A fortnight later the new Court, again speaking through the Chief Justice, sustained the application of the Wagner National Labor Relations Act to certain industrial establishments which were found to be extensively engaged in interstate commerce. The Act forbids "any unfair labor practice affecting interstate commerce" and lists among these "the denial by employers of the right of their employees to organize and the refusal by employers to accept the procedure of collective bargaining." Dealing first with the "due process" aspect of the case, the Chief Justice characterizes "the right of employees to self-organization and to select representatives of their own choosing for collective bargaining or other mutual protection without restraint or coercion by their employer" as "a fundamental right," interference with which "is a proper subject for condemnation by competent legislative authority." The Chief Justice then continues:
Long ago we stated the reason for labor organizations. We said that they were organized out of the necessities of the situation; that a single employee was helpless in dealing with an employer; that he was dependent ordinarily on his daily wage for the maintenance of himself and family; and that if the employer refused to pay him the wages that he thought fair, he was nevertheless unahle to leave the employ and resist arbitrary and unfair treatment; that union was essential to give laborers opportunity to deal on an equality with their employers.
Thus "liberty" is recognized as something that may be infringed by other forces as well as by those of government; indeed, something that may require the positive intervention of government against those other forces.
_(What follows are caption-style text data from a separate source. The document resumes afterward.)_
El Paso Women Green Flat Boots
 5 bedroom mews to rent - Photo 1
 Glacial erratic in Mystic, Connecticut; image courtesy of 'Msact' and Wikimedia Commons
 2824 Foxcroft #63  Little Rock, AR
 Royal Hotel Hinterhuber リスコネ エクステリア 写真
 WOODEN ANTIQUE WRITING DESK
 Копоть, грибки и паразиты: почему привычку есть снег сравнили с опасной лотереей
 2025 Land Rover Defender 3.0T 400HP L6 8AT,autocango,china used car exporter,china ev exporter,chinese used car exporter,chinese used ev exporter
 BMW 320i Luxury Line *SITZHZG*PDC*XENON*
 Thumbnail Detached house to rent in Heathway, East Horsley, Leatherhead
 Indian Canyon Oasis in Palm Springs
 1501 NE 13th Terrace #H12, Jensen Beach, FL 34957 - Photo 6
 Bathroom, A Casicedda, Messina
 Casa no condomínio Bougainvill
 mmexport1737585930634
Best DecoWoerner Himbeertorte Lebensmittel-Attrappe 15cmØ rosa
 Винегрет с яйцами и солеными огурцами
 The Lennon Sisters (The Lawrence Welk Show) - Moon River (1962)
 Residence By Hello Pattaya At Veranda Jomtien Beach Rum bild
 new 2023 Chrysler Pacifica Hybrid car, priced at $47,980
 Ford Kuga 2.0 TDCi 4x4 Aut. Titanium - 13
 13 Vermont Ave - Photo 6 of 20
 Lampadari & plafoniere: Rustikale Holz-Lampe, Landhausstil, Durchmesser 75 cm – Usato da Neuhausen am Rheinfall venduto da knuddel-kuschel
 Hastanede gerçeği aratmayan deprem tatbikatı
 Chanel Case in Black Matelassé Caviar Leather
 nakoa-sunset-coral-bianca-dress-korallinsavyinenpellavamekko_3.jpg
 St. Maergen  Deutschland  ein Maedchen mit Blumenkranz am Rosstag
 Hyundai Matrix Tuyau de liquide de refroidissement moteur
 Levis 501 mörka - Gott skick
This recognition marks a development of profound significance in our constitutional history.
But the principal difficulty of these cases arose from the contention of the defendant companies that Congress could not, without unconstitutionally invading the reserved powers of the states, govern the relationship between industrial employers and employees. So, indeed, it had been asserted by the Court itself less than a year previous in the Carter case, in which the Guffey Coal Conservation Act was set aside. Said Mr. Justice Sutherland on that occasion:
Much stress is put upon the evils which come from the struggle between employers and employees over the matter of wages, working conditions, the right of collective bargaining, etc., and the resulting strikes, curtailment and irregularity of production and effect on prices; and it is insisted that interstate commerce is " greatly afiected thereby. But, in addition to what has just been said, the conclusive answer is that the evils are all local evils over which the federal government has no legislative control. The relation of employer and employee is a local relation. At common law, it is one of the domestic relations. The wages are paid for the doing of local work. Working conditions are obviously local conditions. The employees are not engaged in or about commerce but exclusively in producing a commodity. And the controversies and evils, which it is the object of the act to regulate and minimize,' are local controversies and evils affecting local work undertaken to accomplish that local result. Such effect as they may have upon commerce, however extensive it may be, is secondary and indirect. An increase in the greatness of the effect adds to its importance. It does not alter its character.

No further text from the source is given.